Renditional information--by which we mean broadly any facts about the appearance, ornamentation, or layout of text on a page--occupies an uncertain position in current theories of humanities text encoding. At the heart of the problem lie longstanding philosophical questions about the nature of 'text'. Does a particular physical instantiation of a work combine an an essential component with non-essential features that can vary without altering the essence? On the surface it would seem that markup schemes where the defined tag set is weighted towards capturing structure rather than appearance (such as the TEI and most other SGML-based schemes) lend support to a practicable distinction between the 'essential text' and its renditional 'packaging' of any one instance (see Renear, Renear et al., DeRose et al.). On the other hand it might be argued that much of what we commonly consider renditional information--line-spacing, indentation, font family, use of italics, small caps, etc.--serves to impose structure and draw attention to particular types of content. It would follow that to capture the structure of a document together with identifiable content objects like quotes, foreign words, technical terms, and so on, makes it unnecessary to capture the renditional details per se. Many scholarly encoding projects, however, capture primary source data for quasi-archival purposes, and their transcription needs to supply information to people with a variety of critical interests and a corresponding variety of opinions as to what constitutes significant textual information. These projects have to confront the problem of dealing with visual information on its own terms (as opposed to treating it as a cue for structure and content). A clear methodological framework is essential even for a project with ambitions to capture all possible renditional information, let alone one with more modest and realistic goals; without such a framework it is impossible to determine what and how to record. This paper focuses on the problem of defining a rationale for the capture of renditional information: on what grounds do we decide what kinds of rendition to record? and if we want to use meaning as a way of deciding that rendition is important enough to record, what is the horizon of meaningfulness?

Methodological frameworks

The possible criteria by which renditional features will be deemed worthy or unworthy of capture emerge from a variety of different sources: some of them pragmatic, some deriving from aesthetic theory or literary criticism. Some of the most significant are listed below, and will be discussed in more detail in the finished paper. These do not represent mutually exclusive categories, but rather overlapping conceptual axes which may interact in various ways: for instance, the criterion of meaningfulness requires one to specify a user population for whom meaning is being defined (linguistic meaning? literary meaning? cultural meaning?). The criteria we will consider are as follows:

the criterion of use: what kinds of rendition need to be recorded in order to provide for the needs of an identified user population.
the criterion of meaningfulness: whether a given piece of renditional information affects our understanding or interpretation of the text.
the criterion of substantiveness, distinguished either from accident or from the decorative: whether information considered decorative or accidental contributes to our understanding of the text.
the criterion of measurability or perceptibility and the possibility of accuracy: under this criterion, differences which are too small or difficult to measure can be omitted; this also raises issues of the meaningful units of measurement.
the criterion of intentionality, in which case we need to ask whose intention: authorial? printer's house style? compositor's effort to get all the words onto the page?
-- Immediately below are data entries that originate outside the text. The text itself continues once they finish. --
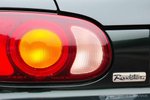 _DSC0095aa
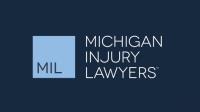 Michigan Injury Lawyers - Mount Clemens image 4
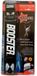 TMH Trading GmbH Booster Straps Medium Expert Skistraps Bleu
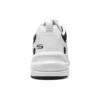 Sapatos Bob’s Bamina 2 “Cloud White Black”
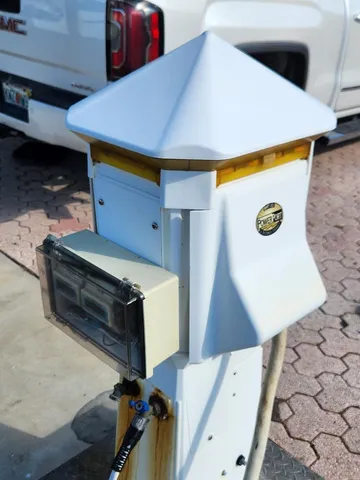 $1,890,000 | 6810 Front Street, Unit SLL1C AND SLL1D, Stock Island, FL 33040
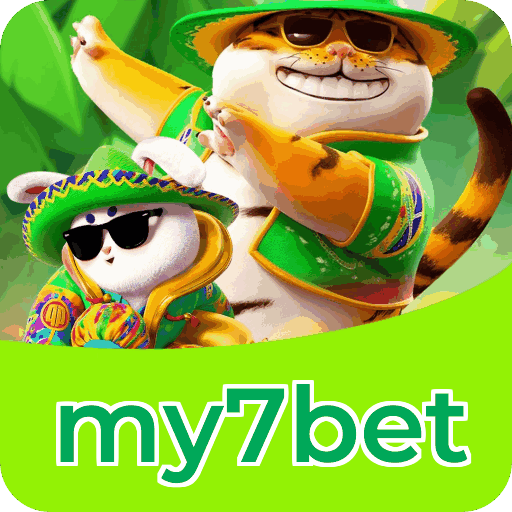 Download Android my7bet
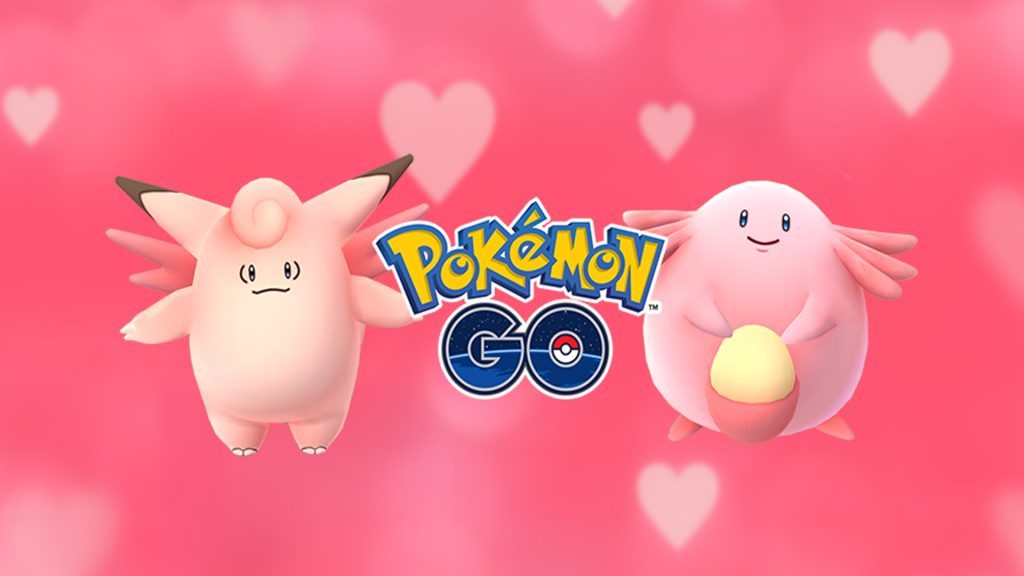 PoGO – Pokémon GO: Collect these candies already now for generation 4 - Tip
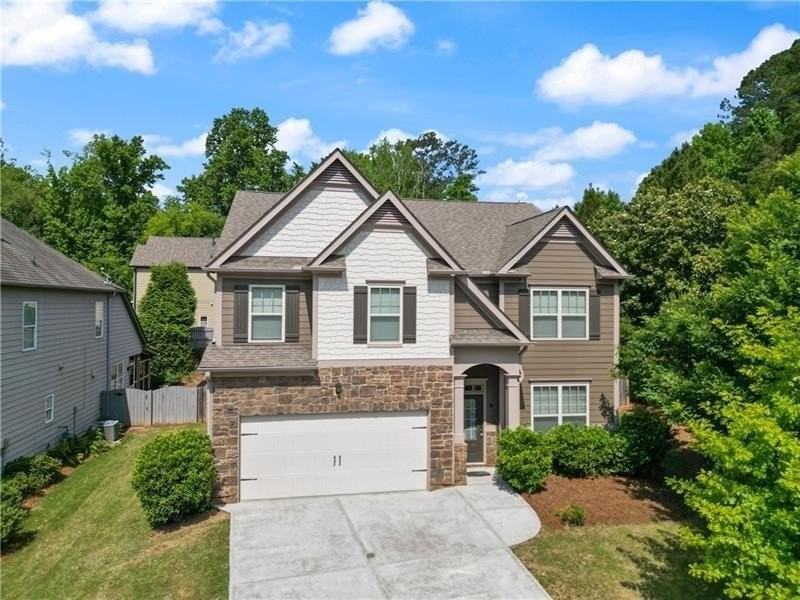 2080 Red Barn Ct - Photo 2 of 39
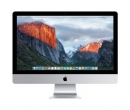 APPLE iMac mk482z/a, 27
A phenomenon like wrong-font letters might fare very differently depending on the criteria chosen: on the grounds of meaningfulness or substantiveness we might not record it, but on grounds of measurability and serving a certain user population (say, analytical bibliographers) we might well include it, and on the issue of intentionality the inclusion or omission would carry a strong theoretical message.

Creating a taxonomy of rendition

Developing a taxonomy of renditional characteristics, however simple, must be done by individual projects based on their own location within the approaches described above. If renditional information is to be used for any kind of processing, retrieval, or comparison, it must be described systematically using terms which identify the significant boundaries between phenomena (for instance, alignment and justification). It is also important (as with any kind of data capture) to decompose complex phenomena into their basic significant parts so that each may be described distinctly.

References

Stephen DeRose et al. “What is Text, Really?.” Journal of Computing in Higher Education. 1990. 1: .

Allen Renear. “Out of Praxis: Three (Meta)Theories of Textuality.” Electronic Text: Investigations in Method and Theory. Ed. Kathryn Sutherland. Oxford: , 1997.

Allen Renear et al. “Refining Our Notion of What Text Really Is: The Problem of Overlapping Hierarchies.” Research in Humanities Computing. Ed. N. Ide. Oxford: , 1995.